Reconstructing the tectonic evolution of ancient orogens requires understanding the kinematic evolution of their tectonic boundaries. In the Proterozoic Grenville Province, the Allochthon Boundary Trust (ABT) juxtaposes the Allochthonous Belt, composed of pericratonic to exotic rocks accreted on Laurentia that were deformed and metamorphosed during the first phase of Grenvillian Orogeny (the Ottawan at 1090-1040 Ma), to the underlying Parautochthonous Belt, composed of rocks of the Superior Province reworked during the latest phase (the Rigolet at 1000-960 Ma). Conceptual tectonic models proposed that the ABT has played a significant role in both phases of the orogeny as well as during the gravitational collapse phase that would have occurred in between, making it an important study target.

The ABT marks the northern boundary of the Manicouagan Imbricate Zone (MIZ), located north of the Manicouagan Reservoir, in Eastern Québec. The MIZ is peculiar in that it constitutes one of the rare occurrence of eclogite-facies rocks in the Grenville Province, which contrast with medium-pressure rocks located at the same structural level in the hanging wall of the ABT south of the reservoir. Furthermore, rather than its typical NE-SW, orogen-parallel strike, the ABT in this area has a NW-SE strike. The scope of our study is to delineate the ABT, determining its kinematics and constrain the timing of deformation in in both its footwall and hanging wall.

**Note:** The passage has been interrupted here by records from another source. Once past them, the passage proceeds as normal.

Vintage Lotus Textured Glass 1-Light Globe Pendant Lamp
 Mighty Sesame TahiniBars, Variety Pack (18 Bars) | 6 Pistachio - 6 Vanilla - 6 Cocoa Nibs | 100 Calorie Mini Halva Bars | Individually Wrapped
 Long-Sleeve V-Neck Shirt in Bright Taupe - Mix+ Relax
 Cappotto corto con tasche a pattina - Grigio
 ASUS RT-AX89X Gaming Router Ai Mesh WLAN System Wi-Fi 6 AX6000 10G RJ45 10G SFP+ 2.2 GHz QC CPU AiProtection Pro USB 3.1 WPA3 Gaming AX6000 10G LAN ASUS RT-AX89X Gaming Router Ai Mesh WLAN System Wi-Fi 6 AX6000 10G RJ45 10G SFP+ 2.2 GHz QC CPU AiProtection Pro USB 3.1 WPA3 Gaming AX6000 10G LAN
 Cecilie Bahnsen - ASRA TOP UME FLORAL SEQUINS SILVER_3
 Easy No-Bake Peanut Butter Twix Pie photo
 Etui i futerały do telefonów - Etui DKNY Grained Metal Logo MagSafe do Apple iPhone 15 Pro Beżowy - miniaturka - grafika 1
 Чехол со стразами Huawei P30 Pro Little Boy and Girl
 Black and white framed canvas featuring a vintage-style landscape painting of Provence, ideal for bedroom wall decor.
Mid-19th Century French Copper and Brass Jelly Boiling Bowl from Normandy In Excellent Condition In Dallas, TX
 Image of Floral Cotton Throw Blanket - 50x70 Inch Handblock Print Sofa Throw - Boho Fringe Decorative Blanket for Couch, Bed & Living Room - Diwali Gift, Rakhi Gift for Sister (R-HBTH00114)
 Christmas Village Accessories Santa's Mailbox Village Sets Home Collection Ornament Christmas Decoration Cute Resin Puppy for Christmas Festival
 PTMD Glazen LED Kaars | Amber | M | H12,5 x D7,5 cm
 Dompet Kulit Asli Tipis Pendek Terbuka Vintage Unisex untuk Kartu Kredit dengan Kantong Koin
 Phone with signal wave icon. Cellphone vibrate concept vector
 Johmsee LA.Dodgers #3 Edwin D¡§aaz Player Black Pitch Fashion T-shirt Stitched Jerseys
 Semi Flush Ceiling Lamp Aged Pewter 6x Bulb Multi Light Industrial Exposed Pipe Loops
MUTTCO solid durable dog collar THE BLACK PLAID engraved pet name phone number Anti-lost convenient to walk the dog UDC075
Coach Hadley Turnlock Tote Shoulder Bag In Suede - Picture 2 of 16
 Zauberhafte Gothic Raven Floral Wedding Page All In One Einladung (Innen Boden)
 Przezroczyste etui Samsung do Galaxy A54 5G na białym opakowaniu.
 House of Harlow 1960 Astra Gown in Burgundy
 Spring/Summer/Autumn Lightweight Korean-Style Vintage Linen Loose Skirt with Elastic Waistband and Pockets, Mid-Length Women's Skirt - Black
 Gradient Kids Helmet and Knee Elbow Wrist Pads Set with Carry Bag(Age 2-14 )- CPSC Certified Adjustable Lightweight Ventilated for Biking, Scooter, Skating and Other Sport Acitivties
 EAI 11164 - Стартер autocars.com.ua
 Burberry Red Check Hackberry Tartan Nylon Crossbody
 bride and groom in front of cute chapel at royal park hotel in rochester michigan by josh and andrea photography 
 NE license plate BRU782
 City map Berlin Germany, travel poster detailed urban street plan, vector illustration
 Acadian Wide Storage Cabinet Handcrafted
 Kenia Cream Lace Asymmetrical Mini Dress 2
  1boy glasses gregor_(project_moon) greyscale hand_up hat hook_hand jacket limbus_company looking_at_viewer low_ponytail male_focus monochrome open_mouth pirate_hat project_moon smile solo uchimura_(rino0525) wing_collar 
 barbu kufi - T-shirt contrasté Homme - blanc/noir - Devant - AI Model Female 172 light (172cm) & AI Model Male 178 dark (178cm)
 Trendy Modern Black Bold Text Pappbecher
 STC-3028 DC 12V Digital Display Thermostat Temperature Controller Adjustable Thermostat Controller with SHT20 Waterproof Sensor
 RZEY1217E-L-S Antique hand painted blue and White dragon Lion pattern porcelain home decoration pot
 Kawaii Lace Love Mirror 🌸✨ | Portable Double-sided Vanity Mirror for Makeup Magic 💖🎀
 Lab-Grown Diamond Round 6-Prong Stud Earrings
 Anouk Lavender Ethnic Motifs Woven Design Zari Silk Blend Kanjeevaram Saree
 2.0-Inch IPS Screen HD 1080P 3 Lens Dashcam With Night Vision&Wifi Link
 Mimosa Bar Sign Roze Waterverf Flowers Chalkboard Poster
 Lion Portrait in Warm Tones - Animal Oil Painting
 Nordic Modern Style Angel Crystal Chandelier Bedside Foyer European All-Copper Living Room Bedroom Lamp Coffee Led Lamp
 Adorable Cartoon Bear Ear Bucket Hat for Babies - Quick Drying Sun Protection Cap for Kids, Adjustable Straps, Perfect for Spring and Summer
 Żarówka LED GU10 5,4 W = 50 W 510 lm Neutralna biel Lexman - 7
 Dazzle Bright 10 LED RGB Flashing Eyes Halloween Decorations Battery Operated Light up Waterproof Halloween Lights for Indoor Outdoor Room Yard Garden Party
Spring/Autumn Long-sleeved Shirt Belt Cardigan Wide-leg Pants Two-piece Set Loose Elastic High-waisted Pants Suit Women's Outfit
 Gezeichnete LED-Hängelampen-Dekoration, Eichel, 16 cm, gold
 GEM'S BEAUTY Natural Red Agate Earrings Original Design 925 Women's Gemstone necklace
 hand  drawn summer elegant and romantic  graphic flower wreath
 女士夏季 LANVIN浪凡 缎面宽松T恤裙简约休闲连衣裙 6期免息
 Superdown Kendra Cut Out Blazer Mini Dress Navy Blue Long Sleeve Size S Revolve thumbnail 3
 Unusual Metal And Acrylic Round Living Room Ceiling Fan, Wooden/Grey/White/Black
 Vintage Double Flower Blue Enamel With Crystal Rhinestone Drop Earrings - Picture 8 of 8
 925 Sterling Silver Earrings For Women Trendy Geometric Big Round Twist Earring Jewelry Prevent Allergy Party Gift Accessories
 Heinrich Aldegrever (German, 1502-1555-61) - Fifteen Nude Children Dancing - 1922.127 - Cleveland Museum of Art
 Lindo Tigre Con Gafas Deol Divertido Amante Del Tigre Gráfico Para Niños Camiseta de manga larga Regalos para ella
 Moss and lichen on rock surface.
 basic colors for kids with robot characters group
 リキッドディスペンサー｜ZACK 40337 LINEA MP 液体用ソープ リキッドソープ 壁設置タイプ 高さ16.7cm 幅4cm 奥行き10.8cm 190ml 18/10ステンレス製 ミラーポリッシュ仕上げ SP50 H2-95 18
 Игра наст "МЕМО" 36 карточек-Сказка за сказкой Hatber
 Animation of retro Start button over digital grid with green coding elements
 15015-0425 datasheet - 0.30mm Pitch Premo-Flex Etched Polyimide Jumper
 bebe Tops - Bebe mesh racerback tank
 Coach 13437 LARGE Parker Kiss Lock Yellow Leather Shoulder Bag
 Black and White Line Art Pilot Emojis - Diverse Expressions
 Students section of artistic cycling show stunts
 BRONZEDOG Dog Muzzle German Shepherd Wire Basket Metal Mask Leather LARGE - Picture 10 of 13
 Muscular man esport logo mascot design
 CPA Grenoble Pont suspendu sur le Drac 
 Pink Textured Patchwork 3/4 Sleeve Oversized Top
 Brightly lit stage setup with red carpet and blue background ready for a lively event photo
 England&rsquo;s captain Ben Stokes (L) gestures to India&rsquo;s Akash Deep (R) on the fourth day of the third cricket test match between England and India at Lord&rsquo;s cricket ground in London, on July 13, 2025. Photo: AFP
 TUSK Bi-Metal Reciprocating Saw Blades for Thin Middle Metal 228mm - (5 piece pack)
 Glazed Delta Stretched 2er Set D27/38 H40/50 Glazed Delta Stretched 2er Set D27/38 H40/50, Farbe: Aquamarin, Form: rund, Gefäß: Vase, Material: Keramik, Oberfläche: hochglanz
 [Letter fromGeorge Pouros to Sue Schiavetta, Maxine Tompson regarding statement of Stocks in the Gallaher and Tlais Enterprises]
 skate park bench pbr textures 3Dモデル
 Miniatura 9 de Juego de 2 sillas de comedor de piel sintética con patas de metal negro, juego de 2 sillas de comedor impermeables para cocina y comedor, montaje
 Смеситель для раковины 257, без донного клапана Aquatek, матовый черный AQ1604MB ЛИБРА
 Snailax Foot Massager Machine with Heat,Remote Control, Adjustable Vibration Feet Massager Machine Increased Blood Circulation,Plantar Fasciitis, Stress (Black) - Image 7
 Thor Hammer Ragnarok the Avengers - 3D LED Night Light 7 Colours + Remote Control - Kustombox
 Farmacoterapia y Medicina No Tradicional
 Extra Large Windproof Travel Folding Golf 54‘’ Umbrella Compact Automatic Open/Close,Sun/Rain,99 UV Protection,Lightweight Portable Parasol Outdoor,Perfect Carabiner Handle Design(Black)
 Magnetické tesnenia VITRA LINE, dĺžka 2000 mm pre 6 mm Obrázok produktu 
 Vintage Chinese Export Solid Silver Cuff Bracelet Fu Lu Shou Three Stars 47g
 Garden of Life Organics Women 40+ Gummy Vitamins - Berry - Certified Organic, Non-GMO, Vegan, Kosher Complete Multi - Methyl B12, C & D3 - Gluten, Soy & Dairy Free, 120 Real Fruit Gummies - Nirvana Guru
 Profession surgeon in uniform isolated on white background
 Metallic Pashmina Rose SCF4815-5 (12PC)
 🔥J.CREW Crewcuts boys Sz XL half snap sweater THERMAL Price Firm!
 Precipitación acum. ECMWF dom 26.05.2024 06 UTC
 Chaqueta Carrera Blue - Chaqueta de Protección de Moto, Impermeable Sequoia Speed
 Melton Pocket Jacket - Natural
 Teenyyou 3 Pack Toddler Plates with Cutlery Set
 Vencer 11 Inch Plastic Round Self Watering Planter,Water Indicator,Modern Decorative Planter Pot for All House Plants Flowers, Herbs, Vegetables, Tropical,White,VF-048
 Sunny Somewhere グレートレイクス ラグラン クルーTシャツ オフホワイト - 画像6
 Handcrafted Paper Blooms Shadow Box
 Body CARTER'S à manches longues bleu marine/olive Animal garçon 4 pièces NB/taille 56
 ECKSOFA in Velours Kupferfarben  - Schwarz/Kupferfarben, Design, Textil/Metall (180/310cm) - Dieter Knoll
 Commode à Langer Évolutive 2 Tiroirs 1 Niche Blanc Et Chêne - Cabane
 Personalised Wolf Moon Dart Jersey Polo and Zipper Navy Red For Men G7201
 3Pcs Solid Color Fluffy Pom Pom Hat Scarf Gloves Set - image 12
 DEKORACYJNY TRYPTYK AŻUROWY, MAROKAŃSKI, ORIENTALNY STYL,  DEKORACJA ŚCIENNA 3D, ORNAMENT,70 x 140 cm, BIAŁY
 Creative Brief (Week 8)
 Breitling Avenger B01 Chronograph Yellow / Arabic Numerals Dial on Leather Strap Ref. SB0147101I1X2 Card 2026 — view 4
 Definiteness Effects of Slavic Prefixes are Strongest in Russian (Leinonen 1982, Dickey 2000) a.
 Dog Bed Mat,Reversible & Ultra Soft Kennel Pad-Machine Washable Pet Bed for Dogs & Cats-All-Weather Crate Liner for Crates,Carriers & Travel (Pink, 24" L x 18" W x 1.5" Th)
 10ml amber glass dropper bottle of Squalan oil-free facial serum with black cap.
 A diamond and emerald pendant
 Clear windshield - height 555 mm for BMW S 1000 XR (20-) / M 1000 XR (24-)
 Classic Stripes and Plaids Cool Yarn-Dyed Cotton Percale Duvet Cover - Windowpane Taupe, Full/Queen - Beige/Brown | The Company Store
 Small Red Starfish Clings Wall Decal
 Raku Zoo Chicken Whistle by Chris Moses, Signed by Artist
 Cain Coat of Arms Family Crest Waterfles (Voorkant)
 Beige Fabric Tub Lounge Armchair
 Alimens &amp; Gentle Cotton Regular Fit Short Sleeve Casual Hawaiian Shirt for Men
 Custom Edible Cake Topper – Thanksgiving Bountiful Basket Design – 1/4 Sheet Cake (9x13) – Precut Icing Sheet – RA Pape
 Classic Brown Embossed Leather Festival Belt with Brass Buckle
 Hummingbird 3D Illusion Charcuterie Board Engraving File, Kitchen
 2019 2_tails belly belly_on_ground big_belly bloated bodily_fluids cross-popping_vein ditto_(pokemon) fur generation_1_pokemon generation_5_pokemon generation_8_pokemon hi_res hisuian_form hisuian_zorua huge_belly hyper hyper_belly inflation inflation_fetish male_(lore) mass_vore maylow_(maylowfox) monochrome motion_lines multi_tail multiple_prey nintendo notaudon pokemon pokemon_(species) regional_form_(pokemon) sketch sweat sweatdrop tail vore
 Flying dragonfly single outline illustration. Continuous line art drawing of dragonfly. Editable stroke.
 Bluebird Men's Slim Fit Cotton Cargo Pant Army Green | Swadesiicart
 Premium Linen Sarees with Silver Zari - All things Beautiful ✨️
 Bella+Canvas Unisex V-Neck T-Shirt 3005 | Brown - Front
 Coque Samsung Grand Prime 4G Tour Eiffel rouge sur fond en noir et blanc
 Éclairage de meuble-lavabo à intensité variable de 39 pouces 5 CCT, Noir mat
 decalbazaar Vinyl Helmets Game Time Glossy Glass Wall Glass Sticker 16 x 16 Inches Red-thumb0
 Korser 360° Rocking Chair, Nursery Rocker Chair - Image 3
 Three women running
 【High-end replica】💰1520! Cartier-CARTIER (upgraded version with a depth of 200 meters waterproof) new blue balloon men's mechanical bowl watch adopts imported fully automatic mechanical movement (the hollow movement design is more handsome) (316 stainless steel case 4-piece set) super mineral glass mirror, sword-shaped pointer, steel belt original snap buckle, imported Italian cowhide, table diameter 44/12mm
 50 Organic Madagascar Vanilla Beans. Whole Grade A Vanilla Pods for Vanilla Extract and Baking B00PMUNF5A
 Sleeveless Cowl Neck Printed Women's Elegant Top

Our fieldwork conducted in 2017 allowed us to accurately delineate, for the first time, the ABT in this area. Major differences between Allochthonous and Parautochthonous rocks include a higher qualitative strain and a high amount of modal garnet in all rock types (10-40%) in the former and evidence for melt-present deformation in garnet-free rocks of the latter. We also present results of a macro- and micro-structural analysis that we aim at linking with U-(Th)-Pb geochronology of monazite conducted in-situ with a scanning electron microscope equipped with a field emission gun to constrain ssierthe age of deformation. Because of the key location of the study area (bordering the HP-MIZ and an orogen-perpendicular strike), these results will provide crucial constraints on the tectonic evolution of the Grenvillian Orogeny.